(Data section)
Content starts

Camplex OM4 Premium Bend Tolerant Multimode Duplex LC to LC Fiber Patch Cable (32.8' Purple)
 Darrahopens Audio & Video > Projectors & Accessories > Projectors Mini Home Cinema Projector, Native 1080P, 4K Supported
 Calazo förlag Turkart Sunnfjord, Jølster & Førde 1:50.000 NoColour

Content ends

(Assigned task) The required output is the line holding "Darrahopens Audio &" plus every line after it in the data, reproduced exactly.

(Answer to the exercise)
 Darrahopens Audio & Video > Projectors & Accessories > Projectors Mini Home Cinema Projector, Native 1080P, 4K Supported
 Calazo förlag Turkart Sunnfjord, Jølster & Førde 1:50.000 NoColour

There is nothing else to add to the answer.